Failed my first eJPT attempt after about 3 weeks of prep. I'd done the INE course materials but clearly hadn't built enough hands-on lab time — I was treating it too much like a knowledge exam. Second attempt after 5 more weeks of practice I passed at 84%. If you're studying for the ejpt, the biggest shift for me was moving from passive video watching to active lab work every single session.
The main gaps on my first attempt were network pivoting and post-exploitation. I could identify vulnerabilities fine but chaining steps together under time pressure in an unfamiliar environment was where I fell apart. Between attempts I spent about 60% of my practice time specifically on those scenarios using TryHackMe and HackTheBox beginner paths.
Metasploit fluency matters more than people give it credit for. I'd gotten a bit snobbish about wanting to do things manually but in a timed exam you need to move fast. I spent about 8 hours specifically on Metasploit modules in the two weeks before my second attempt and it made a noticeable difference.
The exam itself is 48 hours with around 20 questions tied to a live lab environment. Don't let the time window make you complacent — I burned most of my first attempt on a rabbit hole. Take notes as you go, document every host you find, and move on when you're stuck for more than 20 minutes.
The INE course is good but not sufficient on its own for the lab sections. TryHackMe's Jr Penetration Tester path is probably the best supplemental resource — the rooms map closely to what the exam actually tests.
Note-taking is underrated. I used a simple markdown file to track IP addresses, open ports, and credentials as I found them. With 15-20 hosts in the lab it's easy to lose track of what you've already checked.
The pivot and post-exploitation gap is super common on first attempts. I failed mine for exactly the same reason — could enumerate fine but lost time when I needed to move laterally between network segments.
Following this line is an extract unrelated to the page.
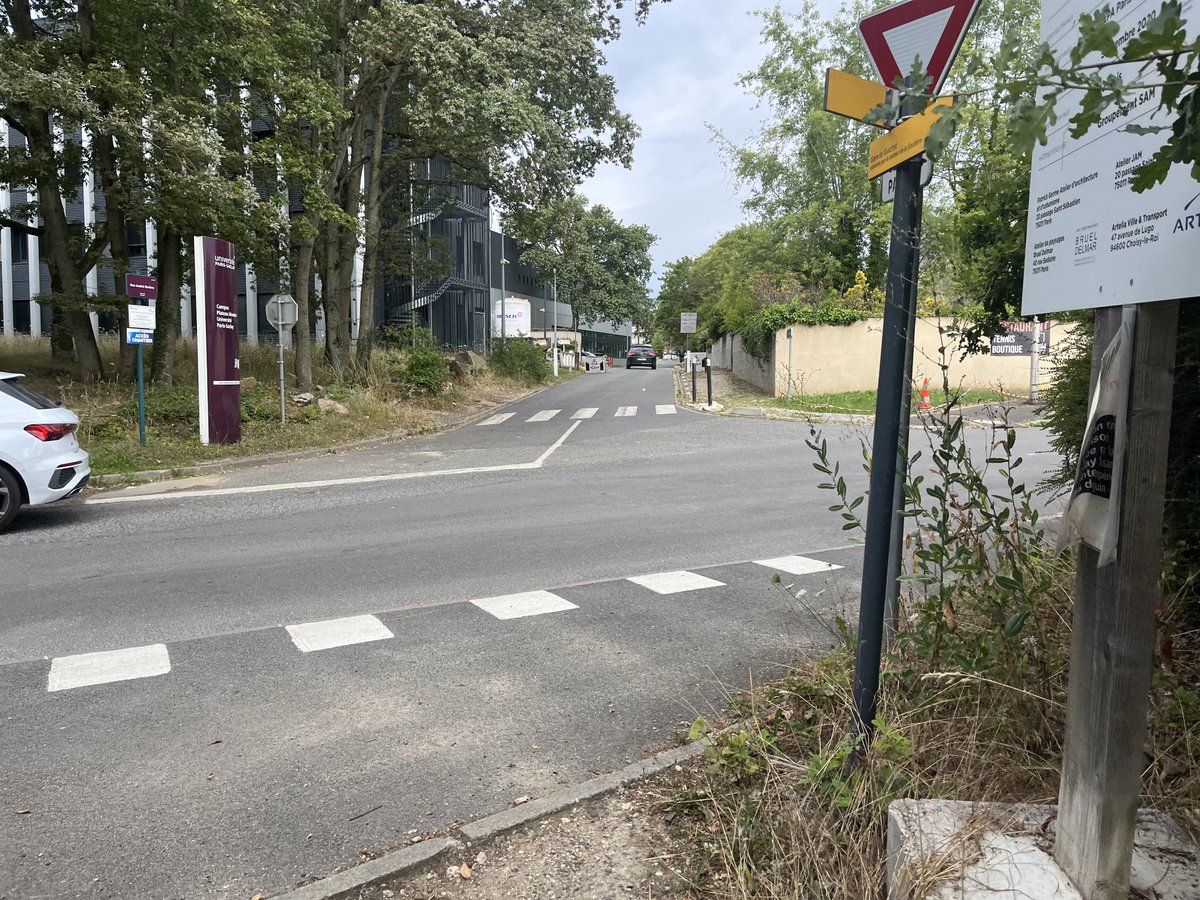 Hiking in the forest… going to th ⁦<a href="/APharmacognosie/">AFERP Pharmacognosie</a>⁩ 2023 conference in ⁦<a href="/UnivParisSaclay/">Université Paris-Saclay</a>⁩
Second attempt passed at 79% after specifically grinding those skills for 3 weeks.
Metasploit advice is spot on. There's a contingent in the community that treats using it as cheating but on a certification exam it's the right call. Know your modules, know your options, move fast.
Also: revert your machines if something starts acting weird. Don't waste an hour debugging a misconfigured exploit when a revert fixes it in 2 minutes.